On Tue, Apr 12, 2016 at 4:46 PM, Jonathan Corbet <corbet@....net> wrote:
> On Fri, 8 Apr 2016 17:12:27 +0200
> Markus Heiser <markus.heiser@...marit.de> wrote:
>
>> motivated by this MT, I implemented a toolchain to migrate the kernel’s
>> DocBook XML documentation to reST markup.
>>
>> It converts 99% of the docs well ... to gain an impression how
>> kernel-docs could benefit from, visit my sphkerneldoc project page
>> on github:
>>
>>   http://return42.github.io/sphkerneldoc/
>
> So I've obviously been pretty quiet on this recently.  Apologies...I've
> been dealing with an extended death-in-the-family experience, and there is
> still a fair amount of cleanup to be done.
>
> Looking quickly at this work, it seems similar to the results I got.  But
> there's a lot of code there that came from somewhere?  I'd put together a
> fairly simple conversion using pandoc and a couple of short sed scripts;
> is there a reason for a more complex solution?
>
> Thanks for looking into this, anyway; I hope to be able to focus more on
> it shortly.

Hi Jon,

Thanks for digging into this.
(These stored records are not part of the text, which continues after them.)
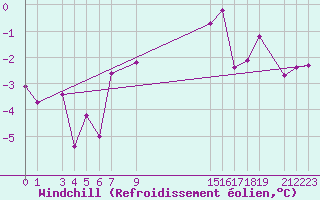 Courbe du refroidissement olien pour Pajares - Valgrande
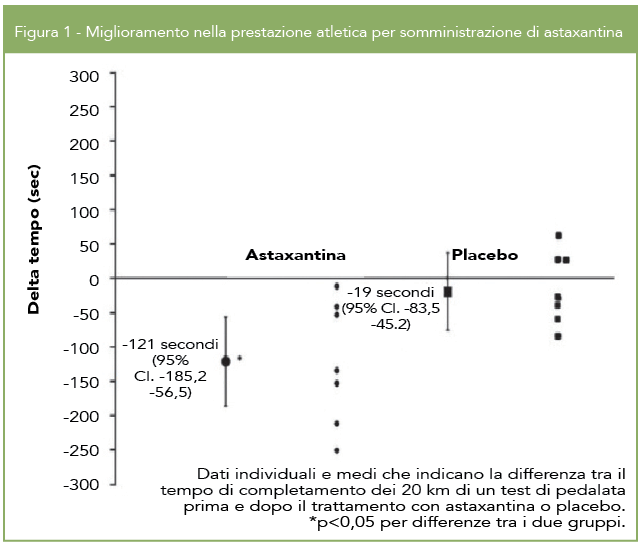 Schermata 2016-07-07 alle 10.42.46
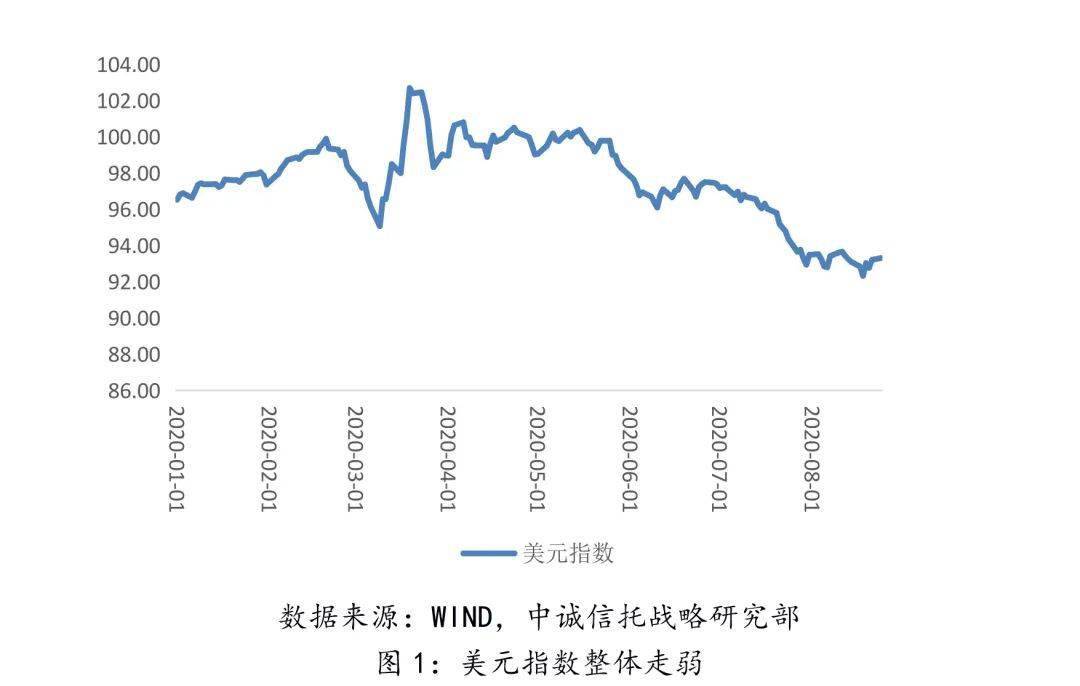 近三年美元汇率概览，波动中的货币价值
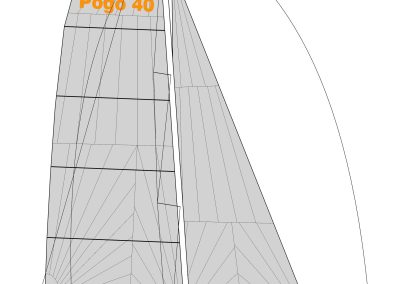 fastsailing-greece-pogo40-sails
FWIW, here is my $0.02. I've been
working on restarting the devicetree specification, and after looking
at both reStructuredText and Asciidoc(tor) I thought I liked the
Asciidoc markup better, so chose that. I then proceeded to spend weeks
trying to get reasonable output from the toolchain. When I got fed up
and gave Sphinx a try, I was up and running with reasonable PDF and
HTML output in a day and a half.

Honestly, in the end I think we could make either tool do what is
needed of it. However, my impression after trying to do a document
that needs to have nice publishable output with both tools is that
Sphinx is easier to work with, simpler to extend, better supported. My
vote is firmly behind Sphinx/reStructuredText.

g.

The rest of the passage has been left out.